The 80s called; they want their memory manager back!

5th March 2010 at 12:25

Not too long ago I was presenting on the subject of iPhone development and Objective-C at the Stackoverflow conference. As I wrote at the time, the audience was of predominantly .Net developers and the twitter backchat was filled with a whole range of reactions. Actually there were two themes to that reaction. One was to the syntax of Objective-C which is certainly very different to most C-family languages. The other was to the fact that Objective-C for the iPhone is not garbage collected (although it is on the Mac these days). My favourite comment on twitter was the title of this post.[*]
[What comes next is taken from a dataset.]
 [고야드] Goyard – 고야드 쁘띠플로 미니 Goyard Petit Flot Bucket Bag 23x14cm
Much has been said from both sides about whether the iPhone should support garbage collection or not and I won't go into the debate here, other than to say that I think there are valid reasons for it being that way - but that's not to say that it couldn't be made to work (it would be nice if it was at least optional).

A few pointers

As a grizzled C++ developer in past (and, as it happens, present) lives I'm not fazed by the sight of a raw pointer or the need to count references. That said I struggle to remember the last time I had a memory leak, a dangling pointer or a double-deletion. Is that because I'm an awesome C++ demigod who eats managed programmers for breakfast? No! Not just that! It's also because I use smart pointers.
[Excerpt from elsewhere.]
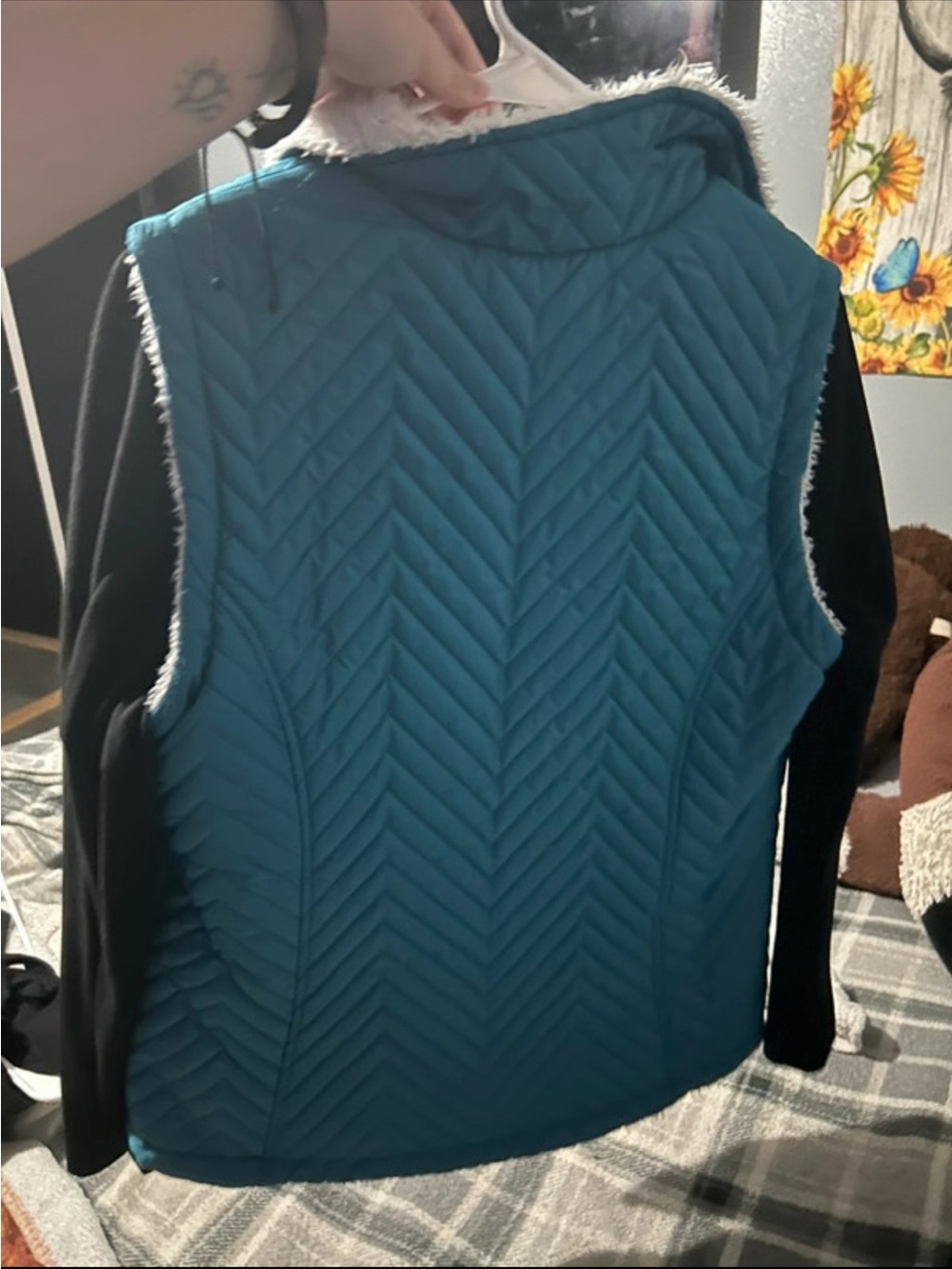 blue vest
Smart pointers make use of a feature of C++ that is disappointingly rare in modern programming languages (and often seen as incompatible with garbage collection): deterministic destruction. Put simply when a value goes out of scope it is destroyed there and then. There is no waiting for a garbage collector to kick in at some undetermined, and indeterminate, time to clean up after you. Then why does C++ have the delete keyword? Well I said when a value goes out of scope. If you allocate an object on the heap, the value you have in scope is the pointer to the object. C++ also allows you to create objects on the stack, and these are destroyed at the end of the scope in which they were created (there is a third case where an object is declared by value as a member of another object that lives on the heap - but I'll ignore that for simplicity). When that object is an instance of a class the developer has defined they can supply a destructor that is run when the object is destroyed. Often this is used to delete memory owned by the object - but it could be used to clean up any resources the object is managing, such as file handles, database collections etc. Smart pointers manage objects on the heap. Depending on the type of smart pointer they may simply delete an object in their destructor - or they may offer shared ownership semantics by managing a reference count - so destructors decrement the ref count and only delete when the count reaches zero.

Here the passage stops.